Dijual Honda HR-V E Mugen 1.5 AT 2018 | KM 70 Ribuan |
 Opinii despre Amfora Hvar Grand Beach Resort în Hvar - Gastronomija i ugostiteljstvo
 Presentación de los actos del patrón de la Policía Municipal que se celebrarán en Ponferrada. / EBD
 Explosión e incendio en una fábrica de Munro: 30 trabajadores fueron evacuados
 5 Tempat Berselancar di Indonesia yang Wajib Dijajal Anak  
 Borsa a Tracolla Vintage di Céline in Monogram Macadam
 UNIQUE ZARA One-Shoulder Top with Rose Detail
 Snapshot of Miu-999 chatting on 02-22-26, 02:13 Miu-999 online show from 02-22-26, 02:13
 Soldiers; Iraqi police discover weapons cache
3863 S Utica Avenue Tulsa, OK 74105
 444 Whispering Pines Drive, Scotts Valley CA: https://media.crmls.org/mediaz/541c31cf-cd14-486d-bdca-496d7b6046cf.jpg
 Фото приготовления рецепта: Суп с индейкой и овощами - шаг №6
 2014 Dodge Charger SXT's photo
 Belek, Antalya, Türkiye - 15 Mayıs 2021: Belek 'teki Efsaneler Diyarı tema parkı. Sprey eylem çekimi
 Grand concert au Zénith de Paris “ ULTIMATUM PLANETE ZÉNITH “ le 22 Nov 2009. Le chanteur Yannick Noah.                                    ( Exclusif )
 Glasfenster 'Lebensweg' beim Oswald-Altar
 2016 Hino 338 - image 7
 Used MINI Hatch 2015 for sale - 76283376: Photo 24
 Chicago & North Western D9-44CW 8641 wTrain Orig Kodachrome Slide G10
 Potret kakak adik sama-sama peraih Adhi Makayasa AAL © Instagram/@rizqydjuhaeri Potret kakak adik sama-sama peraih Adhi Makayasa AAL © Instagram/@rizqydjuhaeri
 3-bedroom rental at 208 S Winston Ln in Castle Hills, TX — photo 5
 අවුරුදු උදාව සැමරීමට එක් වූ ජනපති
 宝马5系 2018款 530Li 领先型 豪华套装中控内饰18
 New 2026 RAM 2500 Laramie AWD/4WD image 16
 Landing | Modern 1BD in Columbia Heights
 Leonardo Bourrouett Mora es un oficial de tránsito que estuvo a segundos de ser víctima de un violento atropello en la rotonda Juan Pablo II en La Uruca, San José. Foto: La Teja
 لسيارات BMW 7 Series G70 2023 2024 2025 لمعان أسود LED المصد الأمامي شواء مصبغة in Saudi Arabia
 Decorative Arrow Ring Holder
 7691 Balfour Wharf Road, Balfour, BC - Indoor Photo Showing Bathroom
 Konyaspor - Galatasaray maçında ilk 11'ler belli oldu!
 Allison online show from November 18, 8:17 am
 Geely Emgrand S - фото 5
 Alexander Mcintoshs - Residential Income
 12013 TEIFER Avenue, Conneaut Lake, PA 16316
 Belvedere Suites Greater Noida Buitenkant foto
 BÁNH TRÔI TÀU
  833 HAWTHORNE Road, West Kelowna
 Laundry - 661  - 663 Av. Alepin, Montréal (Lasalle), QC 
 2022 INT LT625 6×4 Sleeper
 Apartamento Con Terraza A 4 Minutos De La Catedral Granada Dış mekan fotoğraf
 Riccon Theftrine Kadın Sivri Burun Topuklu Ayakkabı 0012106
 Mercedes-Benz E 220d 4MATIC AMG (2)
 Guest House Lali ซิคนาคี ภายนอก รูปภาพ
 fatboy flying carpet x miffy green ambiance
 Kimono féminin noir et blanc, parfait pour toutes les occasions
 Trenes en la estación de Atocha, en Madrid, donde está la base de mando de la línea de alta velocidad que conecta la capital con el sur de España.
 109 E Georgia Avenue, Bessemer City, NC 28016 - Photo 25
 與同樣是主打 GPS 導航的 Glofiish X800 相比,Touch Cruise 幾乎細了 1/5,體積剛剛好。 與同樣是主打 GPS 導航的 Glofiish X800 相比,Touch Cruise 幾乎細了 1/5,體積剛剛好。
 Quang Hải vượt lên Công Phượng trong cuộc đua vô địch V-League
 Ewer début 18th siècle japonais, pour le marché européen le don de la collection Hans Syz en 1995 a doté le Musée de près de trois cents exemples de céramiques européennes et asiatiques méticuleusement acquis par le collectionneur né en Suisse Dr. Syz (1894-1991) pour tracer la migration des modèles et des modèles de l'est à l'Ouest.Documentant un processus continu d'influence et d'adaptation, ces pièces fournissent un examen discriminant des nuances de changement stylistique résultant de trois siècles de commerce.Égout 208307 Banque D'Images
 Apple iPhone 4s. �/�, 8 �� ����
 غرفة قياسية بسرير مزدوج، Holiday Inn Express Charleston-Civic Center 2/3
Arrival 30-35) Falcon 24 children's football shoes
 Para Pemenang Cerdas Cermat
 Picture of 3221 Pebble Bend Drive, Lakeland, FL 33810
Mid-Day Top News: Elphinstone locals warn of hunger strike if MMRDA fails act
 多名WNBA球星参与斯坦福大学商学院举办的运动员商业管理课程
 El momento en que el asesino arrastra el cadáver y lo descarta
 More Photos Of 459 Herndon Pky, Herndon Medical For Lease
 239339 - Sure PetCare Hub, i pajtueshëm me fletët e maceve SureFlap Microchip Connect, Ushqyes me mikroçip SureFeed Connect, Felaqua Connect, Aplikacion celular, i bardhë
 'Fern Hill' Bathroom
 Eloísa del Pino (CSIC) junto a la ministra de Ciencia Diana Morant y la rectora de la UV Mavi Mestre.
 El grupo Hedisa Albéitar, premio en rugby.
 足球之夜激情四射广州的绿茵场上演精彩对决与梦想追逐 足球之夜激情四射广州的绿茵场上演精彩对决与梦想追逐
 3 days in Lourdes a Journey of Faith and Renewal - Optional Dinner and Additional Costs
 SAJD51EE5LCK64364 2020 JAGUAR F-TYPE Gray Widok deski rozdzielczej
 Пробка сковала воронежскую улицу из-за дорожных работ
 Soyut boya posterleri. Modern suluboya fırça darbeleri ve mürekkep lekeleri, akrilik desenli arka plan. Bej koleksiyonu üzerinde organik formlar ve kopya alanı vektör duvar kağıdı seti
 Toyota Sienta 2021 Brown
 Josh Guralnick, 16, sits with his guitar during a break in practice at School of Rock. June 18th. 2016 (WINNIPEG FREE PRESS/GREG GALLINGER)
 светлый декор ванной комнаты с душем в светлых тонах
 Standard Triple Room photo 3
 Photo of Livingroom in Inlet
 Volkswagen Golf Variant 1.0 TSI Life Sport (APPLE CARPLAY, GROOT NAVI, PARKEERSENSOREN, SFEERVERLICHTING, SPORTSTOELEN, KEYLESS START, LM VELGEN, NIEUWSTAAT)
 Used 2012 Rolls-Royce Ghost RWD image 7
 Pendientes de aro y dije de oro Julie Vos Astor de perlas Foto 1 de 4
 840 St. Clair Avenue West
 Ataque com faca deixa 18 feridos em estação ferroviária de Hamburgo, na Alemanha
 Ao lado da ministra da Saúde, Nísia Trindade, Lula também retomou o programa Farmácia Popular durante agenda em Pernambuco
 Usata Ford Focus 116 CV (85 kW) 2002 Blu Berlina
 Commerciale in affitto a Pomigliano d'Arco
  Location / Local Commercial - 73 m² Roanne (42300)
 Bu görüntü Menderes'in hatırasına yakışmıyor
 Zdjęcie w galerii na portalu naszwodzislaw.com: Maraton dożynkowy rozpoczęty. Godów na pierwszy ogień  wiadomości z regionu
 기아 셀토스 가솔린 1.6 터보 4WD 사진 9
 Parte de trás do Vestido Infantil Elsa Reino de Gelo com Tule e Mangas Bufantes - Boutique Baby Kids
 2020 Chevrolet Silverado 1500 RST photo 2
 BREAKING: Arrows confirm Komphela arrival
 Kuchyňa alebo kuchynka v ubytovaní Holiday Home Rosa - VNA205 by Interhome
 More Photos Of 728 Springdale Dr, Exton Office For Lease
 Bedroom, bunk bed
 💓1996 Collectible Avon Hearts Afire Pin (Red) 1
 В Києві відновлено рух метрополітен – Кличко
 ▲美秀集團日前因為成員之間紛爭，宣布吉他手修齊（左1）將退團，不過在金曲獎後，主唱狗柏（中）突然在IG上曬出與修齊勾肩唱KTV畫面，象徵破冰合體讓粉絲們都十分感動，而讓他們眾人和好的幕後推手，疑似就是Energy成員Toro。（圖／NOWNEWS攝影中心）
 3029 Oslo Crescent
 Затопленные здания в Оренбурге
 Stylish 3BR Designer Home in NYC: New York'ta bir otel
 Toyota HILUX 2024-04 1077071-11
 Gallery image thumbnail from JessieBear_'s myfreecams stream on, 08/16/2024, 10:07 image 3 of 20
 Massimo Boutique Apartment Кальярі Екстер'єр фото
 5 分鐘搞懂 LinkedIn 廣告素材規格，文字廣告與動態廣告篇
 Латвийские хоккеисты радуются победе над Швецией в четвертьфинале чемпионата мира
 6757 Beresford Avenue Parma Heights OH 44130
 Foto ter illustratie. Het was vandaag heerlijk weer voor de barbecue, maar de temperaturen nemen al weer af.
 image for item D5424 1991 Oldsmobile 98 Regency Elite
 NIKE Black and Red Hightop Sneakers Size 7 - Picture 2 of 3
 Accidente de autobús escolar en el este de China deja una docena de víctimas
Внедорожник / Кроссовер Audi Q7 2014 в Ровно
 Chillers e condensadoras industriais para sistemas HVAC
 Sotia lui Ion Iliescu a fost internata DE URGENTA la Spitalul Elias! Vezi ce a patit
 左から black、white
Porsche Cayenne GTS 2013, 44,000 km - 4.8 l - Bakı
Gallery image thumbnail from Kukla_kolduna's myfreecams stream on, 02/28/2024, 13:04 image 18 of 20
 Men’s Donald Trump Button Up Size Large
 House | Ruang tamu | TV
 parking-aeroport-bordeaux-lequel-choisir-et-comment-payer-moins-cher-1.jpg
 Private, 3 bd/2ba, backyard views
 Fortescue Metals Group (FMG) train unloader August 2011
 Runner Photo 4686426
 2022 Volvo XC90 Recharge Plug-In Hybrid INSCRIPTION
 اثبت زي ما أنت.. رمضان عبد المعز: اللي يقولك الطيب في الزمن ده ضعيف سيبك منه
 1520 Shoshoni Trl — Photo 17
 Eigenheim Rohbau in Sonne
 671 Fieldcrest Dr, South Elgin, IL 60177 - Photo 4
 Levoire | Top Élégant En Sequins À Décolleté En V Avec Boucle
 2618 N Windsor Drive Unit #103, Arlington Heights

How to complete this task → Write out exactly the lines that begin at the one containing "1520 Shoshoni Trl — Photo 17" and continue through the last line of the data, and only those.

Result of the task →
 1520 Shoshoni Trl — Photo 17
 Eigenheim Rohbau in Sonne
 671 Fieldcrest Dr, South Elgin, IL 60177 - Photo 4
 Levoire | Top Élégant En Sequins À Décolleté En V Avec Boucle
 2618 N Windsor Drive Unit #103, Arlington Heights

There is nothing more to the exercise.